The HFAC’s Certified Humane® requirement is 1000 birds per 2.5 acres (108 sq. ft. per bird) and the fields must be rotated. The hens must be outdoors year-round, and have mobile or fixed housing where the hens can go inside at night for protection from predators. They can also be housed indoors for up to two weeks due to inclement weather.
This label is regulated by the USDA and indicates that the flock was provided shelter in a building, room or area with unlimited access to food, fresh water and continuous access to the outdoors during their production cycle. The outdoor area may or may not be fenced and/or covered with netting-like material.
This label indicates that the flock was able to freely roam in a building, room or enclosed area with unlimited access to food and fresh water during their production cycle.
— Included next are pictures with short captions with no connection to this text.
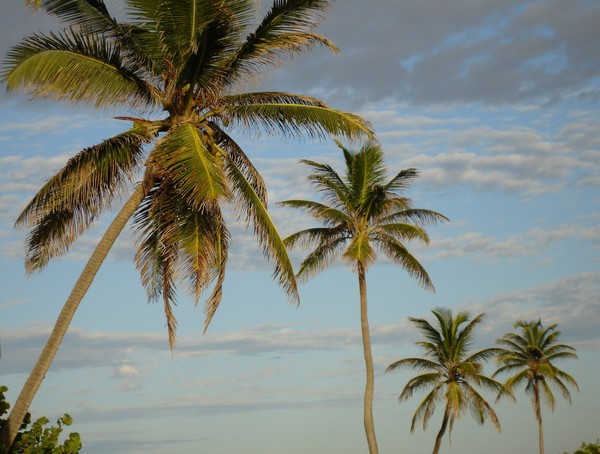 Palm Trees in Paradise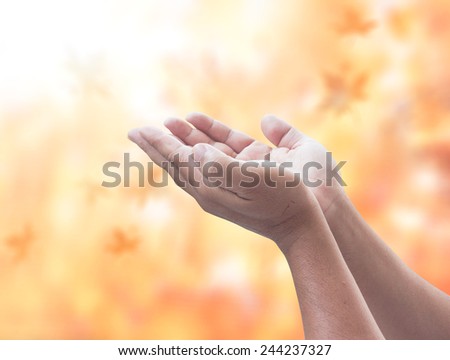 Human open empty hands with palms up, over blurred nature background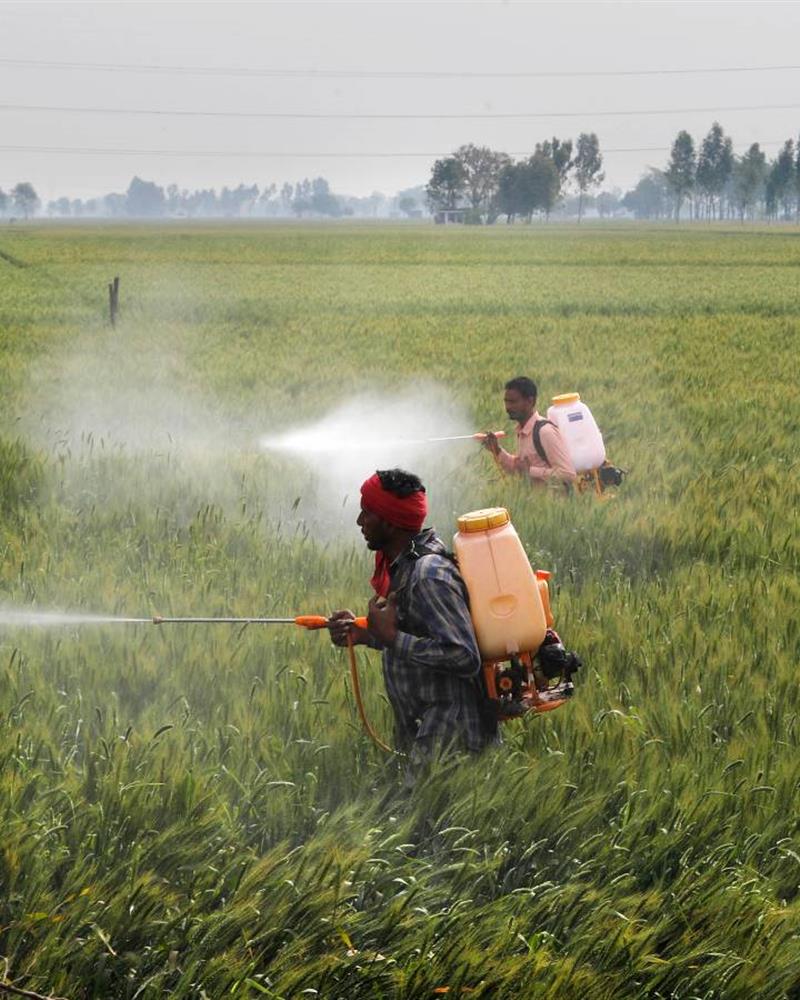 Fungicides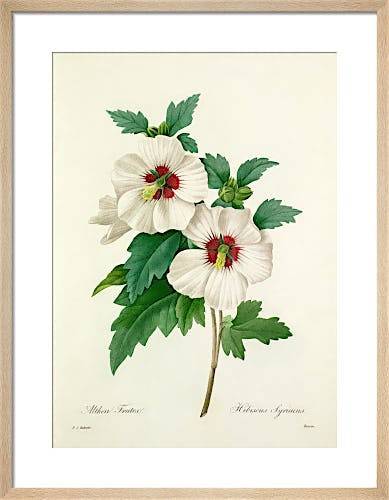Althea Frutex : Hibiscus syriacus by Pierre Joseph Celestin Redouté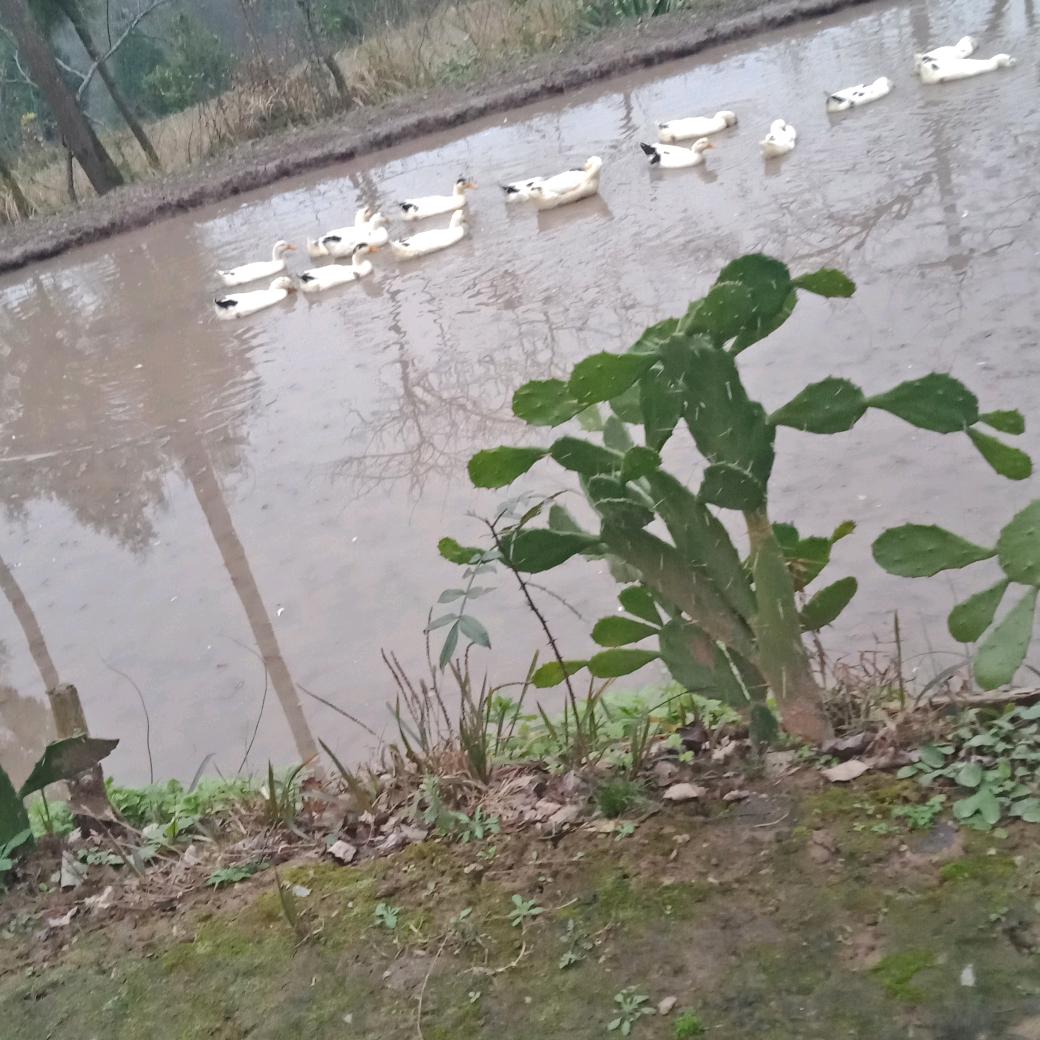 幸福夕阳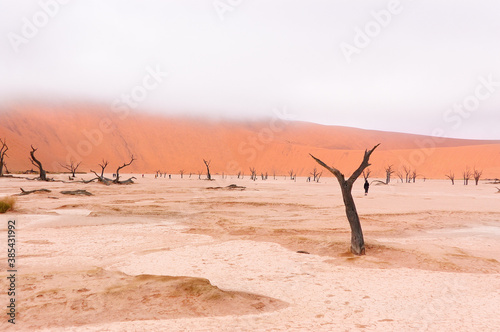 Trees and landscape of Dead Vlei desert, Namibia, South Africa 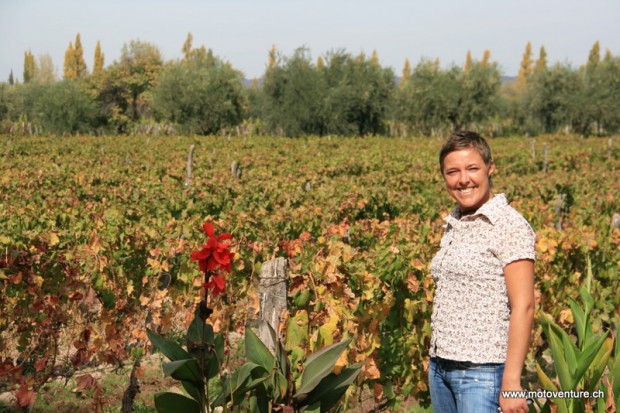 Weinberge in Mendoza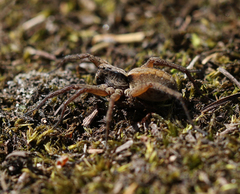 Alopecosa pulverulenta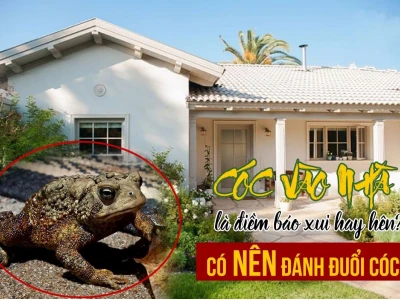 Cóc Vào Nhà Là Điềm Gì? Giải Mã Ý Nghĩa Theo Phong Thủy Và Khoa Học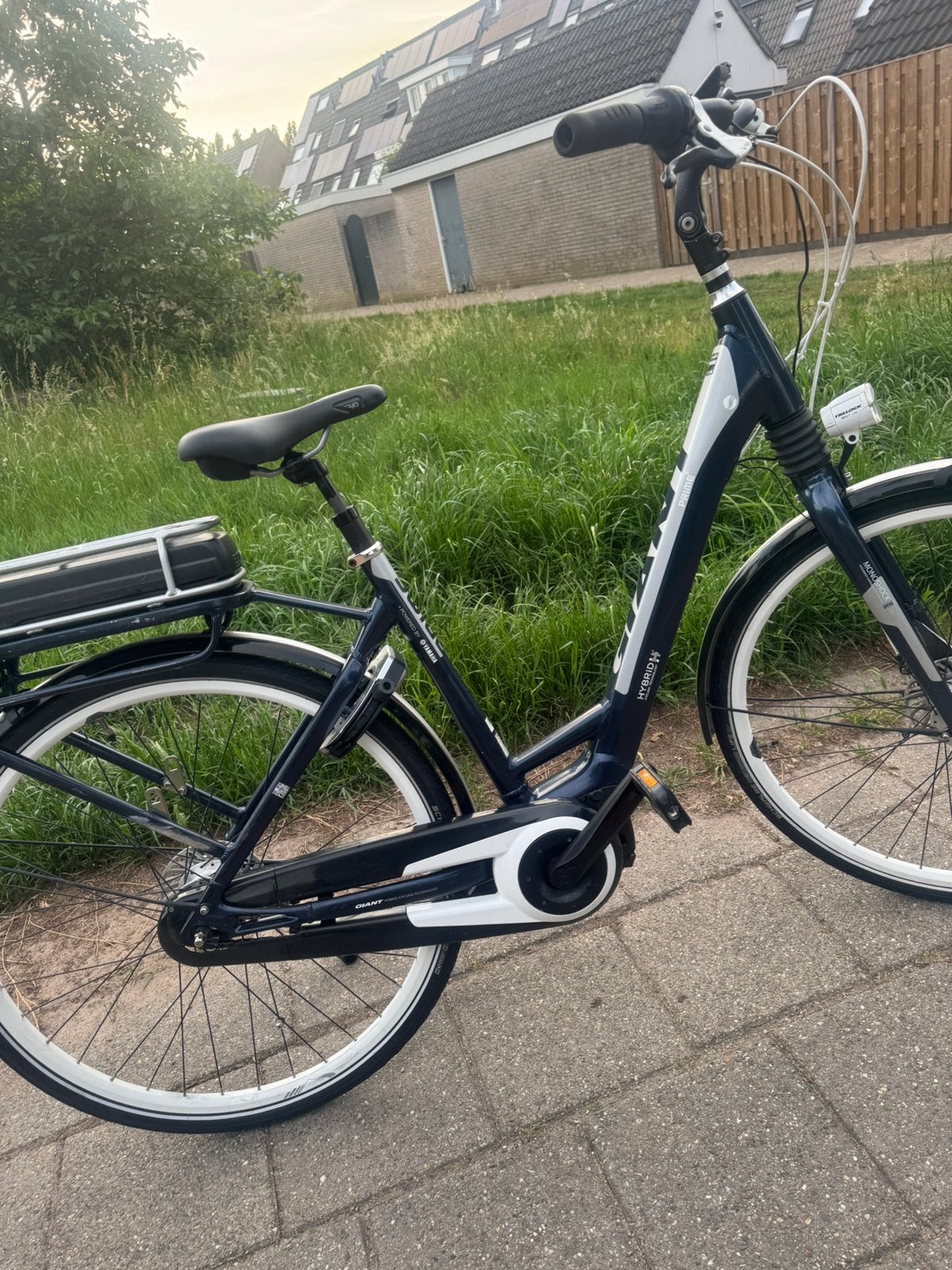 Elektrisch fiets giant prime, Fietsen en Brommers, Elektrische fietsen, 51 tot 55 cm, Ophalen, Zo goed als nieuw, Overige merken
The organic standards describe the specific requirements that must be verified by a USDA-accredited certifying agent before products can be labeled USDA organic. Overall, organic operations must demonstrate that they are protecting natural resources, conserving biodiversity and using only approved substances. Organic eggs come from chickens treated with the same animal welfare standards as free-range and are given non-GMO feed.
This label indicates eggs were heated in a sanitary facility under the supervision of the USDA. In pasteurization, the liquid part of the egg is rapidly heated and held at a minimum required temperature for a specified amount of time. This destroys salmonella, but does not cook the eggs or affect color, flavor or nutritional value. By law, all liquid eggs must be pasteurized.
Omega 3 or DHA
These are from hens that have been fed a diet supplemented by a source of Omega-3 fatty acids (typically from flax seed).
No Added Hormones
A similar claim includes "Raised without Hormones." Federal regulations have never permitted hormones or steroids in poultry, pork or goat.
White or Brown
Color is not a reflection of quality and is not a factor in the U.S. Standards, Grades, and Weight Classes for Shell Eggs. Eggs are simply sorted for color and marketed as either “white” or “brown” eggs.
It is common that brown eggs are bigger in size, which is usually due to the breed of chicken laying the eggs. For this reason, brown eggs cost more to produce and are typically found at a higher price point.